Monday, December 23, 2019

Farewell, False Equivalence

The Washington Post has a survey that mostly confirms things we already know...but these are things the news media have yet to internalize.

It starts out badly, though, by framing the obviously true and obviously false as if they were legitimate questions:
But do white evangelical Protestants actually believe that Democrats will strip them of their rights? And is it true that Democrats and atheists want to strip evangelicals of their rights? A new survey has some answers.
Is it true? Are you fucking shitting me? I nearly stopped reading right there. But it gets better with the survey results, which pretty definitively answer these non-questions:
Of...white evangelical Protestants, we found that 60 percent believed that atheists would not allow them....to “hold rallies, teach, speak freely, and run for public office.” Similarly, 58 percent believed “Democrats in Congress” would not allow them to exercise these liberties if they were in power....

Would Democrats and atheists strip away conservative Christians’ rights and liberties if they could? To find out, I turned to [a] survey [that] asked respondents about their feelings toward various groups and whether they would extend civil liberties to those groups....

Then respondents were asked whether their selected group should be allowed to give speeches in the community, teach in public schools, run for public office and other liberties....

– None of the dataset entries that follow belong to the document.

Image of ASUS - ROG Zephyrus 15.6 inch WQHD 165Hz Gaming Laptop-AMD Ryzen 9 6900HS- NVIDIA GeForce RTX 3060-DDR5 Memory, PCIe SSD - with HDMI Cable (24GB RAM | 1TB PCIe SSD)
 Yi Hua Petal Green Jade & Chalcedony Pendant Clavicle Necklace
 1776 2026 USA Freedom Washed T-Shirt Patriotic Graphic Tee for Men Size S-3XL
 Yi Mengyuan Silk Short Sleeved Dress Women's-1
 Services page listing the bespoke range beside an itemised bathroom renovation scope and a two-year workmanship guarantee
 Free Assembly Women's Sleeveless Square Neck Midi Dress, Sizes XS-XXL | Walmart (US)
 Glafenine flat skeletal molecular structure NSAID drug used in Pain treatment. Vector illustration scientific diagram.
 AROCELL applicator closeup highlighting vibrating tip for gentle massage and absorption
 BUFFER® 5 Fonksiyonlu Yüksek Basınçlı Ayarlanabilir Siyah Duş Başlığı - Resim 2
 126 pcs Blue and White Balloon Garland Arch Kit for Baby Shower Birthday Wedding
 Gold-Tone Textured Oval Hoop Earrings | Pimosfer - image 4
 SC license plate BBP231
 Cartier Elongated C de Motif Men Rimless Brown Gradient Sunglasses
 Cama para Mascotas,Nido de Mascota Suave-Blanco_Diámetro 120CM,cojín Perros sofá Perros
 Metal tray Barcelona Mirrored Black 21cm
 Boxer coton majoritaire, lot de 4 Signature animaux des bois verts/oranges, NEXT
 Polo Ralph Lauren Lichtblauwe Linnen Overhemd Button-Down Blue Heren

65 percent of atheists and 53 percent of Democrats who listed Christian fundamentalists as their least-liked group are willing to allow them to engage in three or more of these activities. That’s a much higher proportion with tolerance than the sample overall.

However, we found that a smaller proportion of white evangelicals would behave with tolerance toward atheists than the proportion of atheists who would behave with tolerance toward them. Thirteen percent of white evangelical Protestants selected atheists as their least-liked group. Of those, 32 percent are willing to extend three or more of these rights to atheists.
So, yes, confirming the obvious: conservative evangelicals believe themselves to be persecuted; they are not actually persecuted; and in fact they are inclined to persecute the people they fear. Which leads to the money quote:
Their fear comes from an inverted golden rule: Expect from others what you would do unto them. White evangelical Protestants express low levels of tolerance for atheists, which leads them to expect intolerance from atheists in return.
Every political reporter in the country should be forced to memorize this until they understand that every conservative evangelical claim of persecution is 100% projection, and that there is never any reason to treat such claims with even the tiniest bit of respect.